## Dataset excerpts
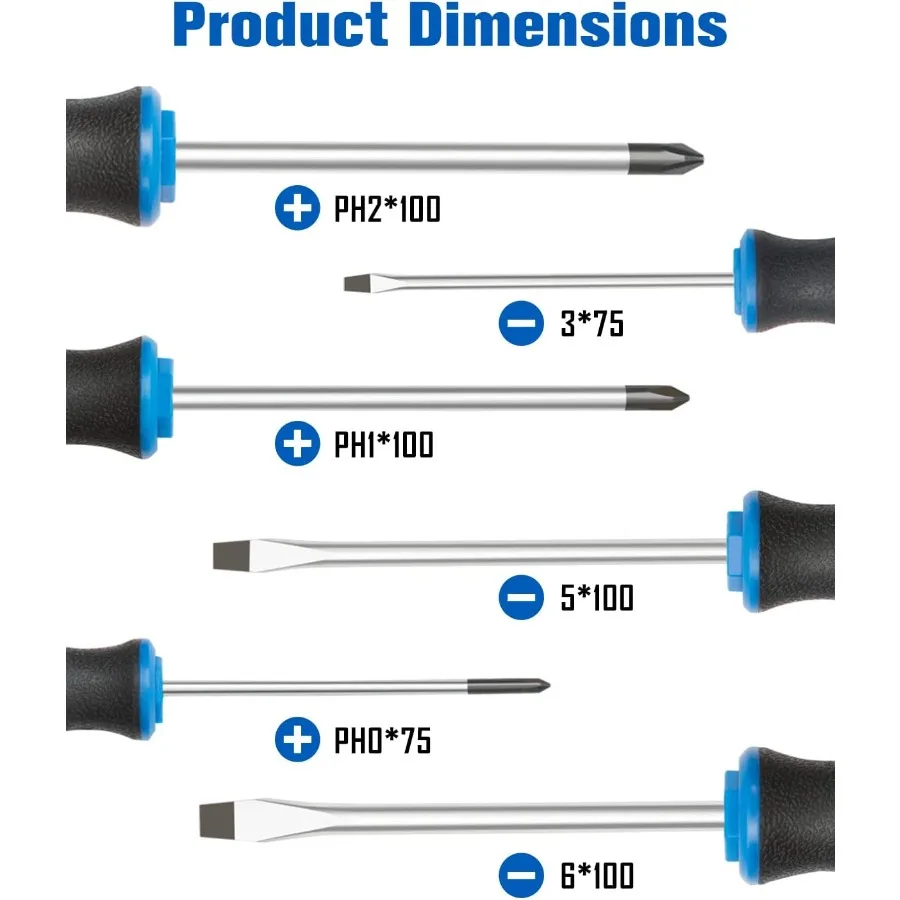 Set Obeng Ujung Magnetik 6 Buah dengan 3 Kepala Phillips dan 3 Kepala Datar untuk Perbaikan Elektronik Presisi Pegangan Bantalan Profesional D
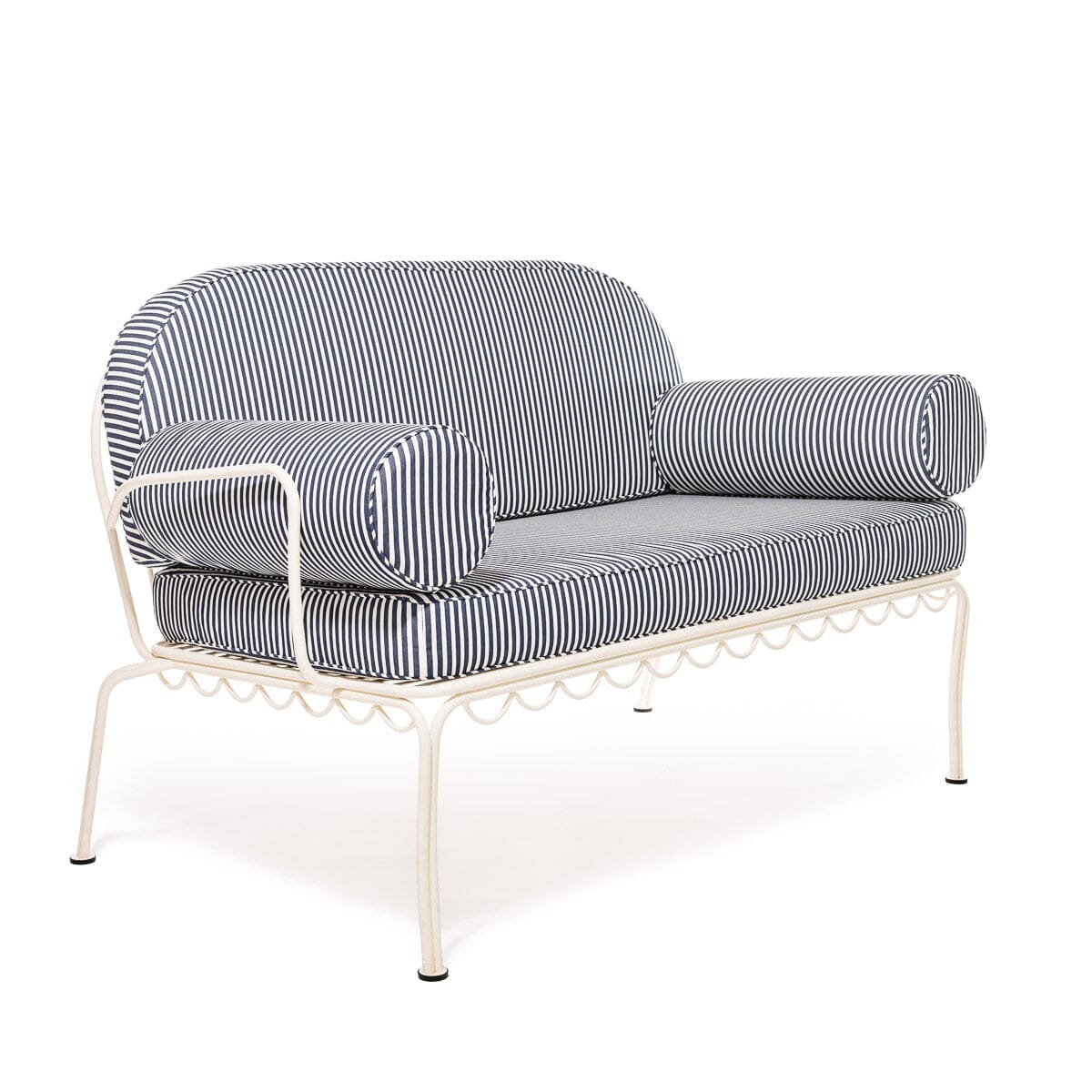 The Al Fresco Love Seat in Lauren's Navy Stripe | Antique White Frame - Image 2
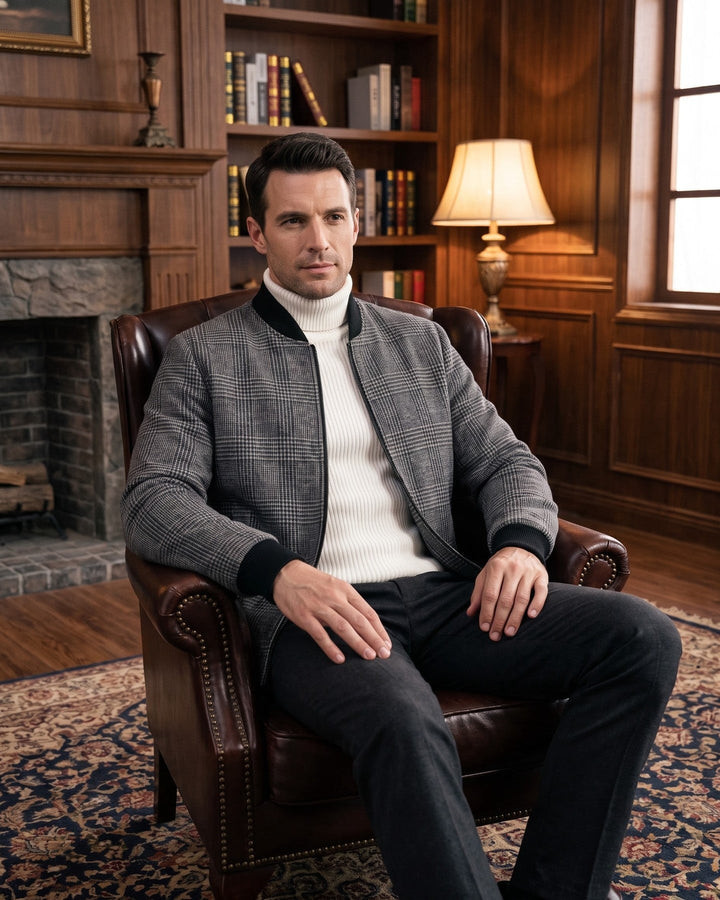 Fabian Glen Plaid Wool-Blend Bomber Jacket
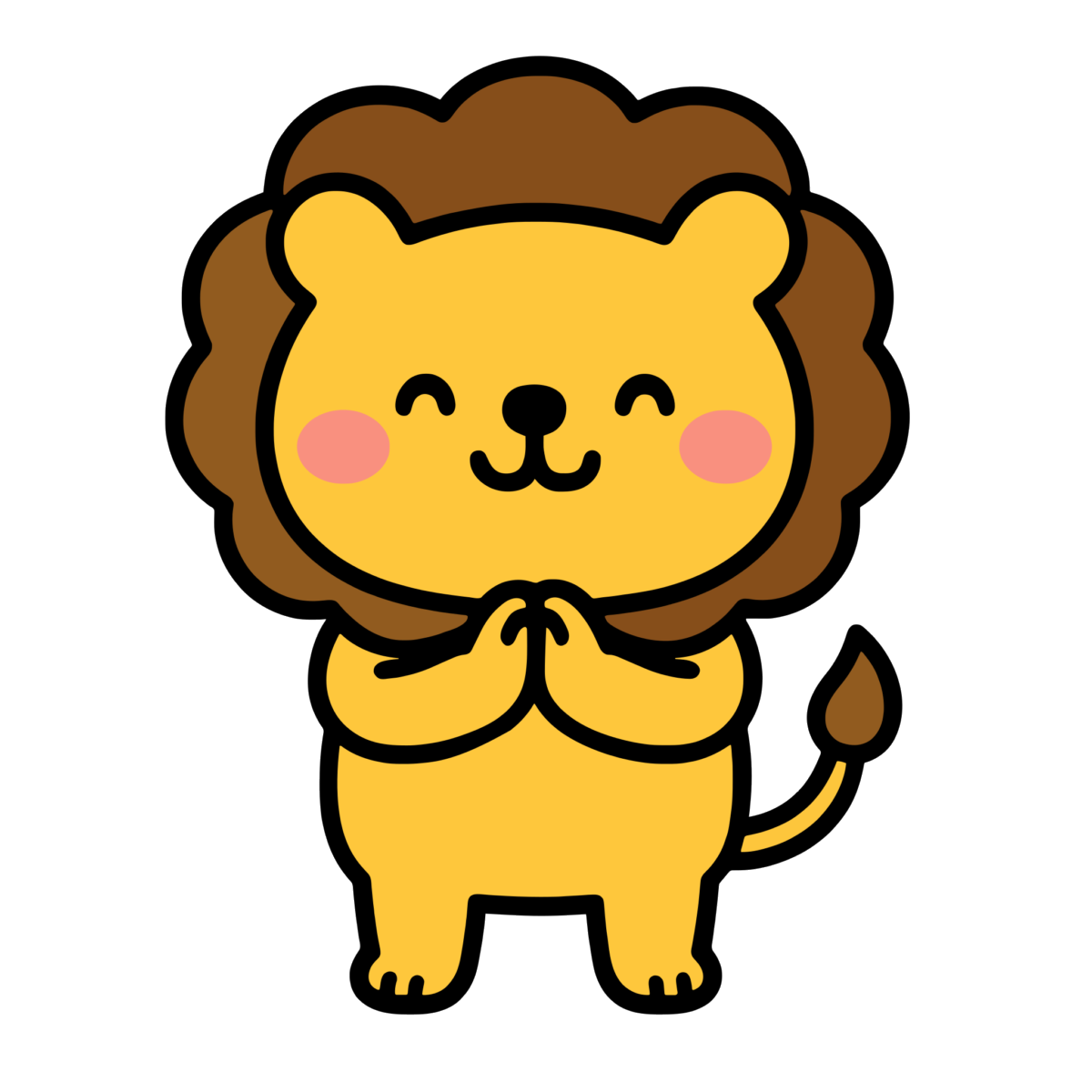 「いただきます」ポーズのライオンのイラスト無料ダウンロード(カラー)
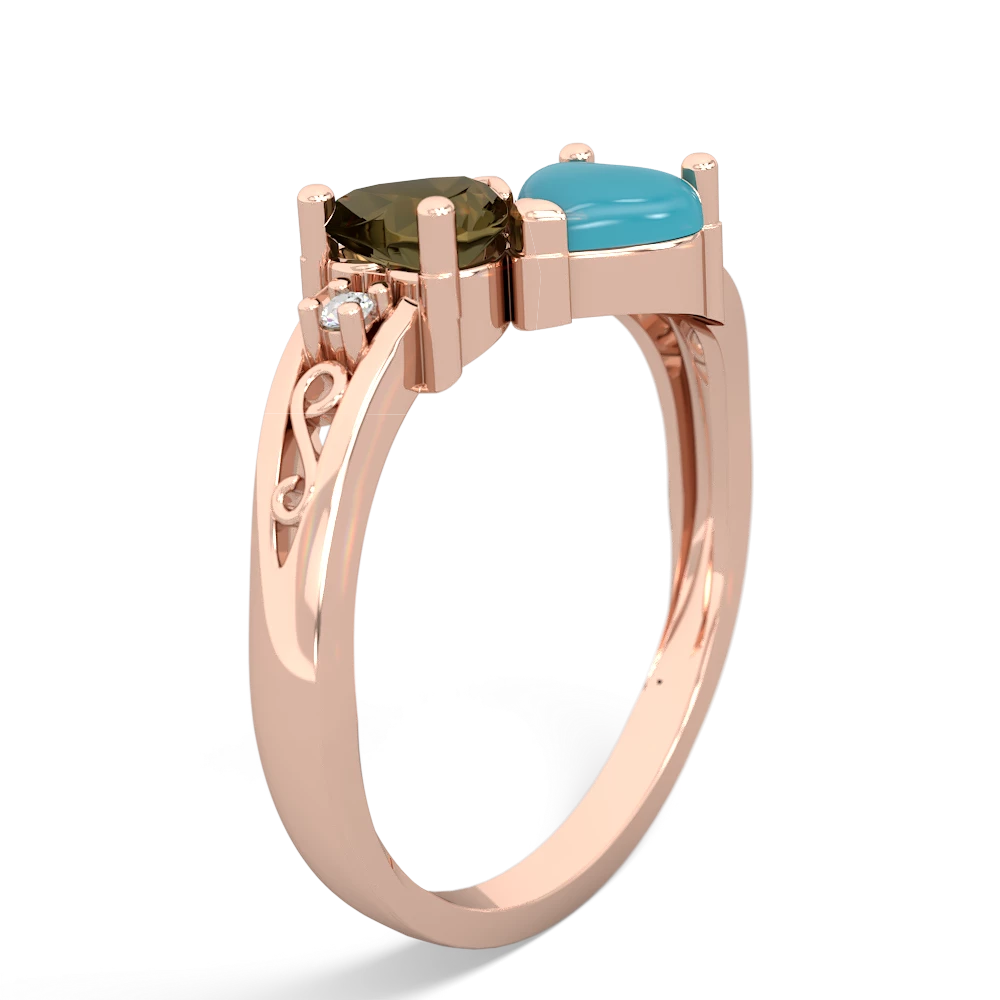 Smoky Quartz Snuggling Hearts 14K Rose Gold ring R2178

## TASK TO COMPLETE
All of the records above are to be copied exactly, minus the pictures.

## PROBLEM SOLUTION
 Set Obeng Ujung Magnetik 6 Buah dengan 3 Kepala Phillips dan 3 Kepala Datar untuk Perbaikan Elektronik Presisi Pegangan Bantalan Profesional D
 The Al Fresco Love Seat in Lauren's Navy Stripe | Antique White Frame - Image 2
 Fabian Glen Plaid Wool-Blend Bomber Jacket
 「いただきます」ポーズのライオンのイラスト無料ダウンロード(カラー)
 Smoky Quartz Snuggling Hearts 14K Rose Gold ring R2178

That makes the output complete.